TASK: Only a slice of the listing below is wanted. Retype the lines from the one containing "Opposition Führer Zoran" through the one containing "El niño de cabellos", exactly, both ends included.

INPUT DATA:

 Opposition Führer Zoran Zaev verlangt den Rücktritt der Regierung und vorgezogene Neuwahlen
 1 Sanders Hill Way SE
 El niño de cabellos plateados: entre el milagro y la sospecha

--

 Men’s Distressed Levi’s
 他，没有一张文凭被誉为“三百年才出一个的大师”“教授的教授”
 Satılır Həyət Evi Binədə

---

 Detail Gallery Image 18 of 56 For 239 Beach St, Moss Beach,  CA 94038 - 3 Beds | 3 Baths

TASK OUTPUT:
 Opposition Führer Zoran Zaev verlangt den Rücktritt der Regierung und vorgezogene Neuwahlen
 1 Sanders Hill Way SE
 El niño de cabellos plateados: entre el milagro y la sospecha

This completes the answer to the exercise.